His research is a step toward representing influences from weather events happening far away and its impact on local weather, through a lightweight attention mechanism. It will provide a framework that can be used within TAIAO for directly representing teleconnections in models such as mesh-graphs, while also providing a benchmark for future work.

Thomas’ visit to Idaho was also an opportunity for him to connect with like-minded researchers and explore global work related to his field.

His work is supervised by TAIAO member, Dr Yun Sing Koh.

A new TAIAO talks episode

Our latest TAIAO talks episode is now live on the TAIAO website. It features Dr. Nick Lim as he introduces an AI powered flood prediction tool designed to help researchers forecast the impacts of future flood events with greater accuracy in Aotearoa.

Developed in July 2025, the tool is already making waves in the environmental data science space. In this episode, Dr. Lim breaks down how it works, why it matters, and the impact that this research has made.

Watch the full episode here.

New course on AI Education – Agentic AI

A new course is now available on the AI Education website offering a deep dive into the world of AI Agents. Just as CPUs transformed computation, Large Language Models are transforming intelligence. At the centre of this change are agents - AI systems that not only generate language but interact with the world on our behalf.

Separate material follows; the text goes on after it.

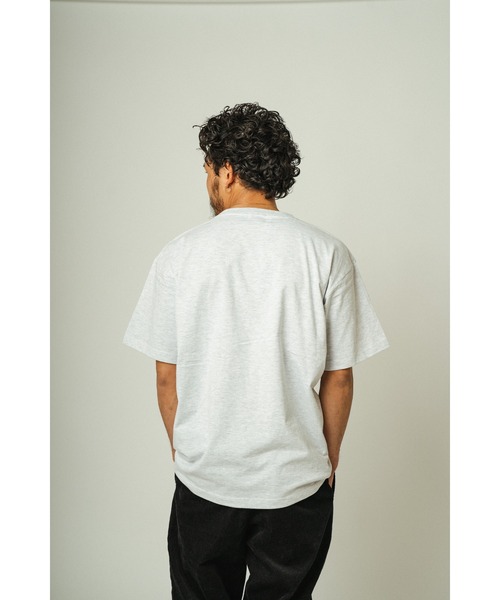 BIG MIKE(ビッグマイク)の「BIG MIKE ビッグマイク ロックロゴ 半袖プリント Tシャツ / 102428602(Tシャツ/カットソー・メンズ・ホワイト/ネイビー・MEDIUM/X-LARGE/LARGE)」の5枚目の写真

Lead by Prof. Albert Bifet, the course offers the opportunity to:

  • learn what makes agentic AI including how these systems not only generate answers but also sense, plan, and act

  • explore the opportunities agentic AI opens, the risks and ethical challenges it raises, and

  • see real-world examples that show how agents are beginning to transform work and industry.

The course is free and available on the AI Education website.

What’s coming up

International Conference on Learning Representations (ICLR)

PhD student Di Zhao is heading to Rio de Janeiro this April to present his accepted paper at the world‑leading ICLR conference.

Di’s research, supervised by Prof. Yun Sing Koh, focuses on building AI models that stay accurate in new or unseen environments (for example varying light conditions, different habitats, or changing weather). This challenge, known as “domain shift,” is a major barrier in environmental data analysis, where AI often struggles to handle Aotearoa’s constantly shifting environmental conditions.

Di’s research introduces a training approach that forces the model to “unlearn” misleading patterns it has picked up from a dataset or environment. He has been sponsored by TAIAO to attend the conference and showcase New Zealand’s growing strength in environmental AI on the global stage.

More details and photos to come in next month’s newsletter.

More episodes coming for TAIAO Talks

Weka.ai is TAIAO’s newest tool, and the focus for our next TAIAO Talks episode. It has been specifically designed to make learning about and using AI accessible for everyone.

In this episode, viewers will get a closer look at what weka.ai is, how it supports everyday learners, and the range of free educational resources it offers.

You can take a look at the weka.ai website here.

A new TAIAO podcast series

In our last newsletter, we let you know about the first series of our new TAIAO podcast on Quantum Machine Learning.

The TAIAO podcast will return next month with a second series on Quantum Machine Learning, hosted by World Bank Climate Challenge winner Léa Cassé. With five new episodes, this series will dive into quantum techniques for environmental data streams with an emphasis on rigour, reproducibility, and practical evaluation.